In order to train network use make train command. For example to train network for 5 epochs and if network is defined in mlp.conf file, one should use:
make train CONF=mlp.conf EPOCH=5
If no CONF is provided, default.conf is used and trained for 2 epochs.
To build C code, just run make in root directory.
Before running program, please make sure that the network is trained (by checking parameters/ dir for <network-name>_weights.bin file.
There are few options on what to run:
make run_single_core
make run_openmp
make run_opencl
To choose on which image (28x28 .png) network will be used, one can set variable IMG=<path_to_image>/image.png.
To download 10 test images run: make download_test_pics
For example to use network default.conf on image ~/images/example.png using single core and multicore (6 threads OpenMP):
make run_single_core run_openmp CONF=default.conf IMG=~/images/example.png N_THR=6
To clean compiled files run make clean command.
To clean everything except original source files run make clean_all command. This will wipe out all parameters, test files, downloaded MNIST dataset etc.
|-- c_implementation
| |-- load_parameters.c
| |-- load_parameters.h
| |-- makefile
| |-- opencl_implementation
| | |-- makefile
| | |-- new_kernel.cl
| | |-- opencl_mlp.c
| | |-- opencl_utils.c
| | |-- opencl_utils.h
| |-- read_image.c
| |-- read_image.h
| `-- simple_mlp.c
|-- default.conf
|-- LICENSE
|-- makefile
|-- python_training
| |-- makefile
| |-- mnist_train.py
| `-- requirements.txt
`-- README.md
Hypothesis 1: MLP on CPU programmed with OpenMP will run faster than MLP programmed in bare C
Hypothesis 2: Every implementation on GPU will run faster than any implementation on CPU
Hypothesis 3: Size of a network (ie. number of layers and operations that are needed to be calculated) greatly impacts the speedup of GPU implementation. Larger networks should get more speedup than smaller when network is beeing run on GPU.

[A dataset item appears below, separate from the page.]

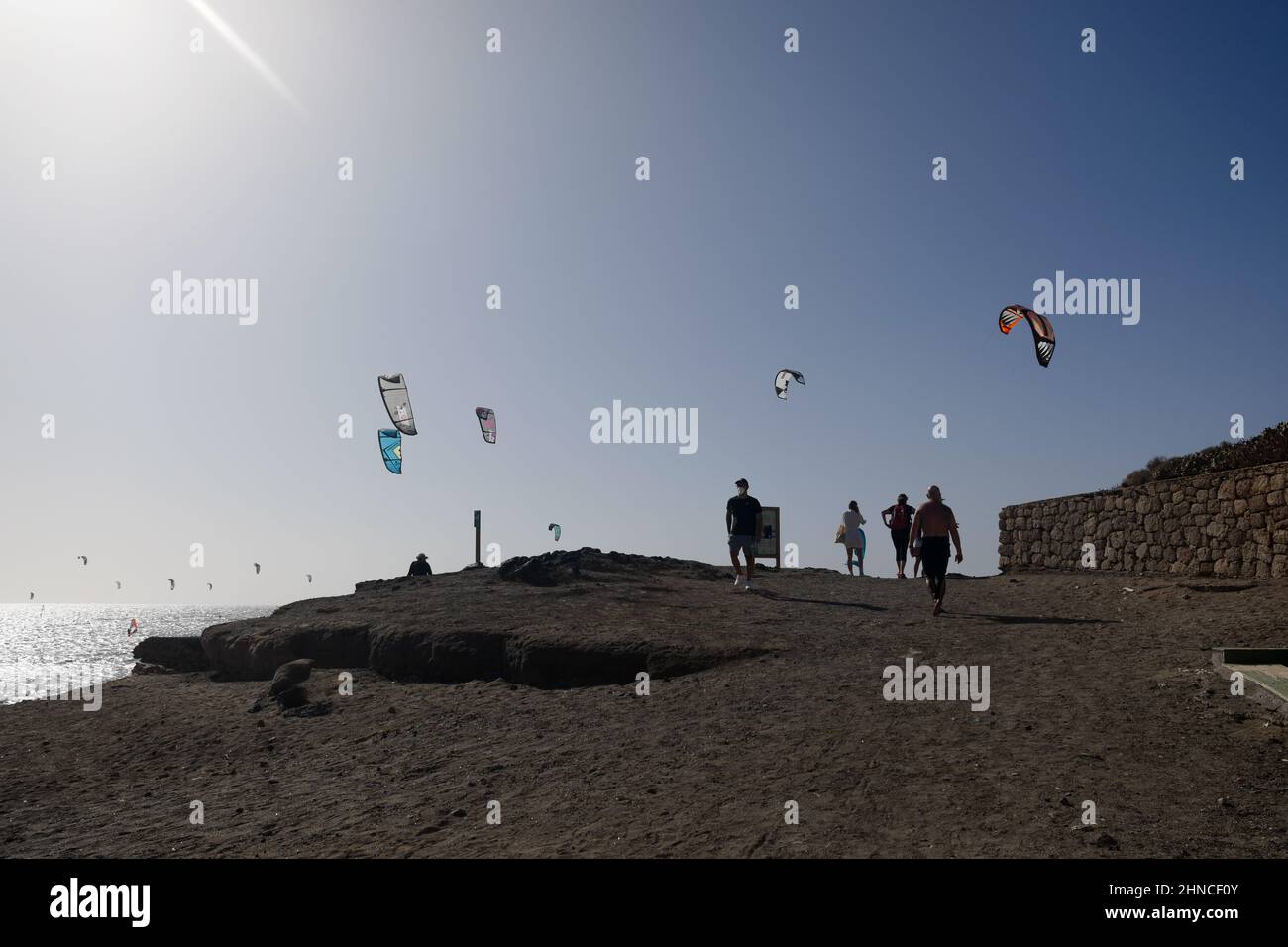 Planches à voile et kitesurfers sur Playa del Médano, El Médano, sud de Tenerife, îles Canaries, Espagne, Février 2022 Banque D'Images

Hypothesis 4: Implementations in OpenCL and Tensorflow should be comparable. Tensorflow will be probably a bit faster, since this project is not about trying to optimize as much as possible.
- The network is trained in Tensorflow.
- The MLP algorithm is written in bare C, for CPU, without any parallelization.
- OpenMP is used for accelerating the C implementation, ran on CPU.
- OpenCL implementation, but ran on GPU.
- Comparison of results
- Conclusion
MLP on CPU programmed with OpenMP will run faster than MLP programmed in bare C
Speedup for OpenMP on CPU depends on the network size but generaly goes from 1.5 on two threads and small networks to around 5 on maximum thread number (Ryzen 5 2600x has 6 cores and 12 threads). This hypothesis is proved to be right.
Every implementation on GPU will run faster than any implementation on CPU
This hypothesis proved right again, but greatly depends on network size.
For small network where CPU speedup is 2.5, GPU speedup is 2.7. For smaller networks probably would be even worse.
But for large network where CPU speedup is 5, GPU speedup is 17.
Size of a network greatly impacts the speedup of GPU implementation
Size of the network indeed impacts the GPU implementation speedup. It goes from 2.7 on small network to 17 on large network.
Implementations in OpenCL and Tensorflow should be comparable
Need to check Tensorflow time so this stays unanswered for now. :(